Petroglyphs are shapes made by pecking into stone using very hard rock tools to break through the shiny volcanic crust of a lava field. In pre-contact Hawaiʻi, where there was no writing, no paper and ink, petroglyphs may have been meaning-laden public messages, possibly a way to commemorate a place, event, or person. The word for petroglyphs in Hawaiian: kiʻi pokahu.
Between AD 1200-1450, Kīlauea Volcano erupted a smooth pāhoehoe lava flow on her southwestern flank into an area now protected within the boundaries of Hawaiʻi Volcanoes National Park. A long, low mound, part of this flow, cooled and became a shiny silvery-black canvas for the recordkeeping of the community. Known as “Puʻu Loa,” roughly translated as “Long hill” or “Hill of long life,” this expanse of glassy smooth lava was transformed over hundreds of years into a record of much that is only partly or dimly understood.
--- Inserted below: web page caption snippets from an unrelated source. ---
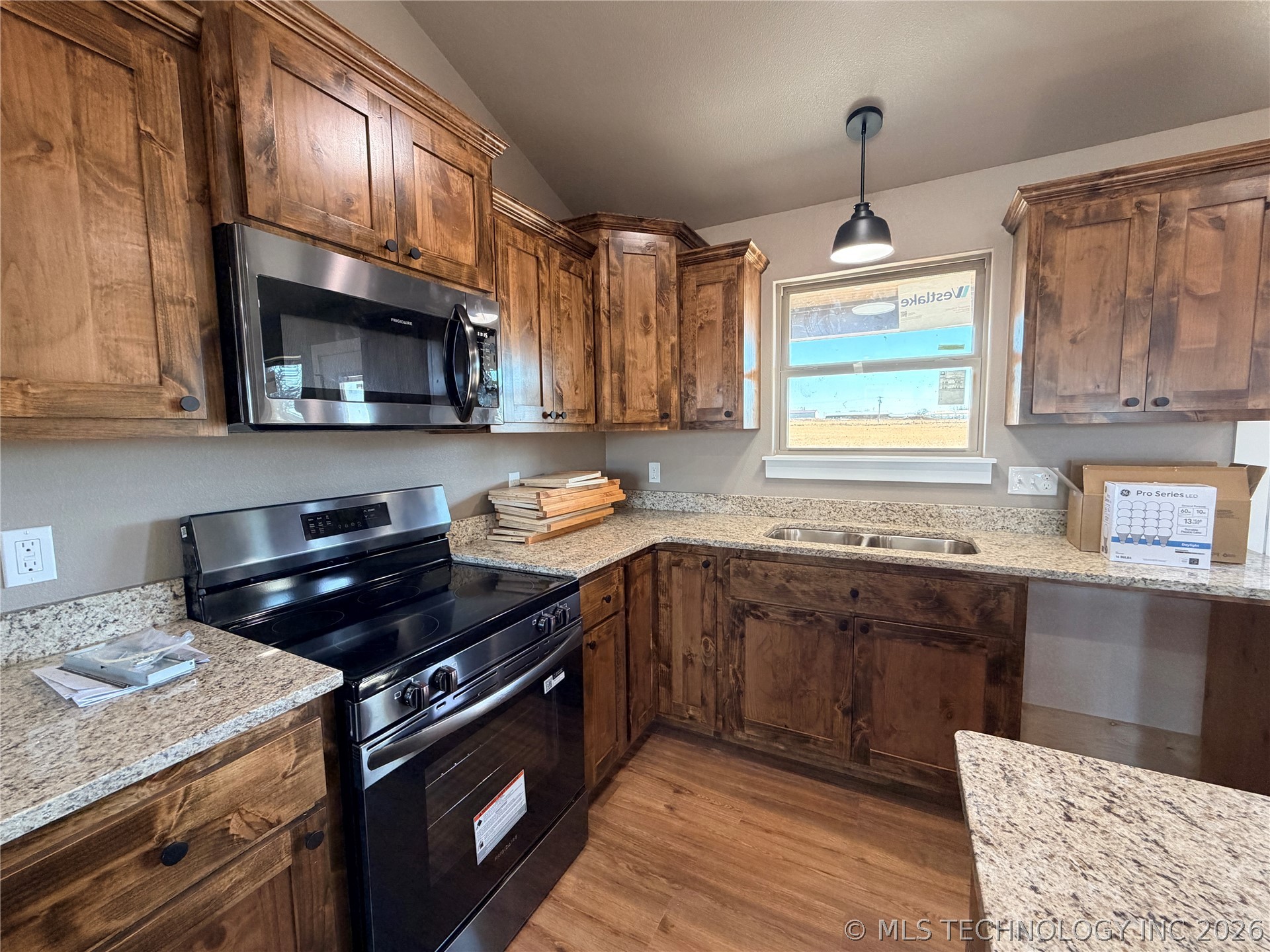 18030 Vaughn Road Property Photo 16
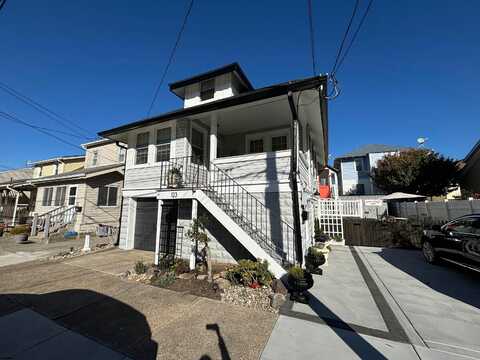 123 N Avolyn Ave, Ventnor City, NJ 08406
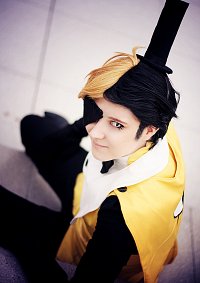 Cosplay-Cover: Bill Cipher [Human Version]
At Puʻu Loa, the vast petroglyph field of over 23,000 images includes little cups (cupules), circles and dots, human figures, canoe sails, and more. It is believed by some researchers that the petroglyphs may record important social events, Hawaiian legends, births, deaths, battles; that they kept records, proclaimed domain, told stories, and showed dedication to personal family gods; although one of the primary uses of the area, as demonstrated by the number of cupules, may have been to place a newborn’s umbilical cord to connect the child to the power of the land. As for specific meanings, much is lost to the past. When the Western concept of writing was introduced to Hawaiʻi in the 1800s, the shift to this new mode of communication was rapid. Many Hawaiians passed away without transmitting their insight into these historical images, and many families may still hold the translation of petroglyphs as a tightly guarded and highly personal matter.
On the other side of Hawaiʻi Island, at Kaloko-Honokōhau National Historical Park on the Kona Coast, petroglyph sites are clumped and scattered throughout the park’s 1,161 acres. Unlike Puʻu Loa, where people seemed to gather to make petroglyphs in a communal site, this park’s collection of images is found in patches and singly, varying in location, meaning, and time. The entire park site is a cultural landscape, encompassing areas that once were settlements and working fishponds. Here and there, small groupings of images tell a story or part of a story. The park has also built a boardwalk about a ten minute walk down the trail from the visitor center in order to keep human feet above the fragile images in this particular location. Visitors in the early morning, or late evening, can use the low angle of the light to look for sails, men, women, muskets, even an unusual, so far undefined, crouching form.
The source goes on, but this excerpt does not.